● **Information shown**:
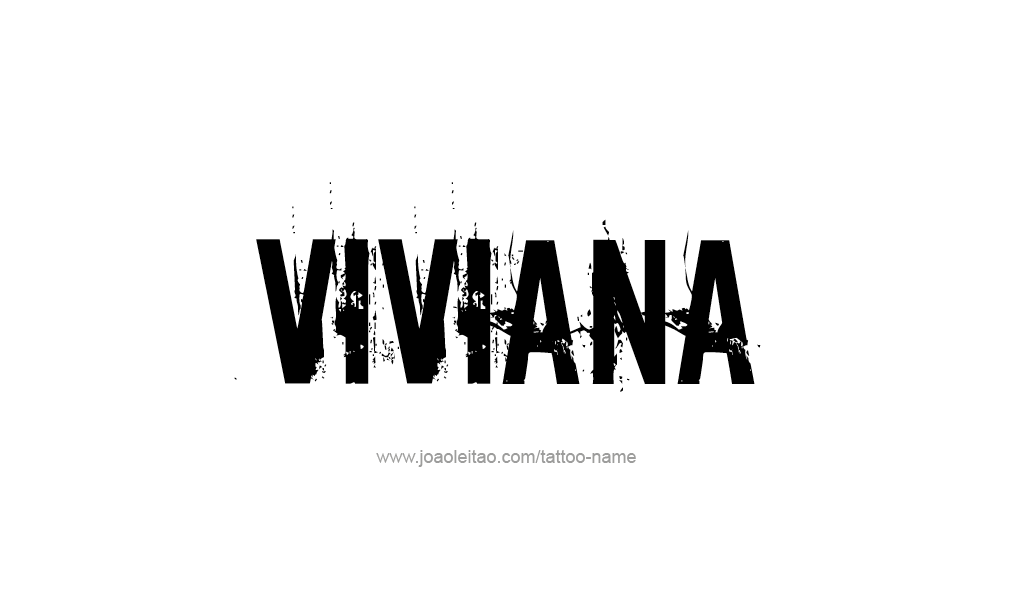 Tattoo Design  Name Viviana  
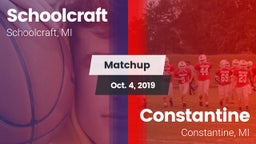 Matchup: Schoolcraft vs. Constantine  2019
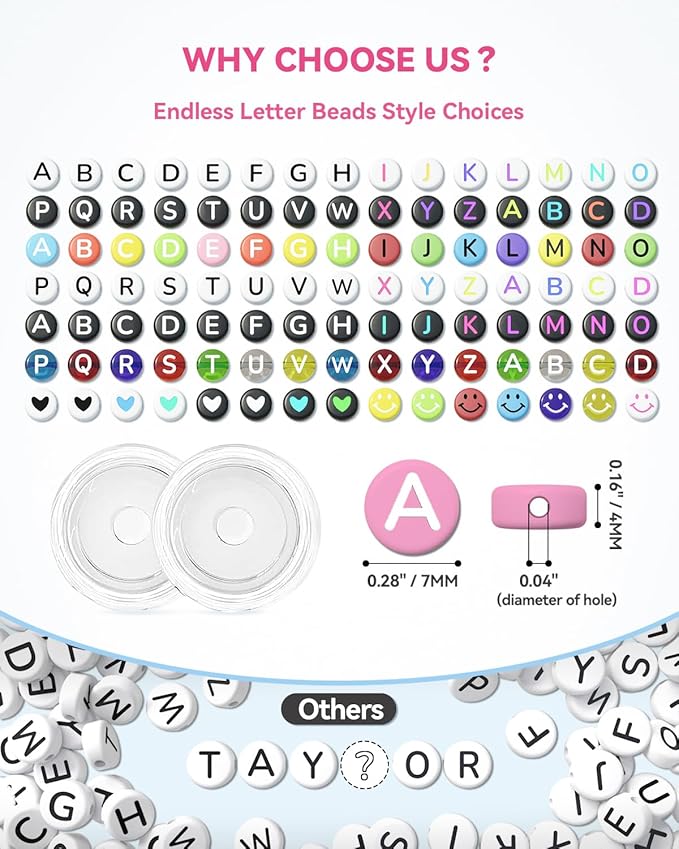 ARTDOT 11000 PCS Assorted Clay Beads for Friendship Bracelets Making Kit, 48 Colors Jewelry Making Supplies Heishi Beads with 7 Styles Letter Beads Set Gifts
* * *
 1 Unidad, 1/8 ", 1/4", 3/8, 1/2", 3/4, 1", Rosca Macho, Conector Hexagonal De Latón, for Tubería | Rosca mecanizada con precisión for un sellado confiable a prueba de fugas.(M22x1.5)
==
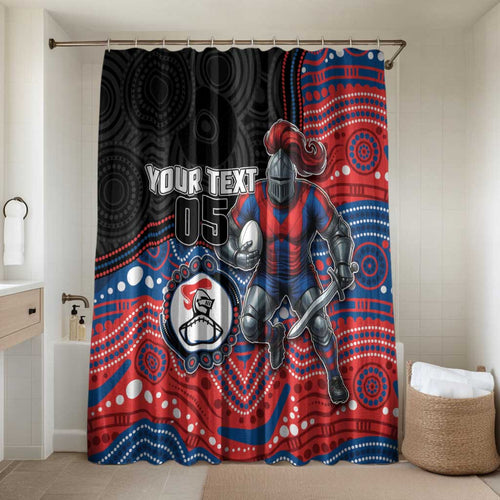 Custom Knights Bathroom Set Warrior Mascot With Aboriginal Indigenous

● **What needs to be done**: The answer is the lines of the material above, from the one containing "Matchup: Schoolcraft vs." down to the one containing "ARTDOT 11000 PCS", given exactly and without images.

● **Answer**:
 Matchup: Schoolcraft vs. Constantine  2019
 ARTDOT 11000 PCS Assorted Clay Beads for Friendship Bracelets Making Kit, 48 Colors Jewelry Making Supplies Heishi Beads with 7 Styles Letter Beads Set Gifts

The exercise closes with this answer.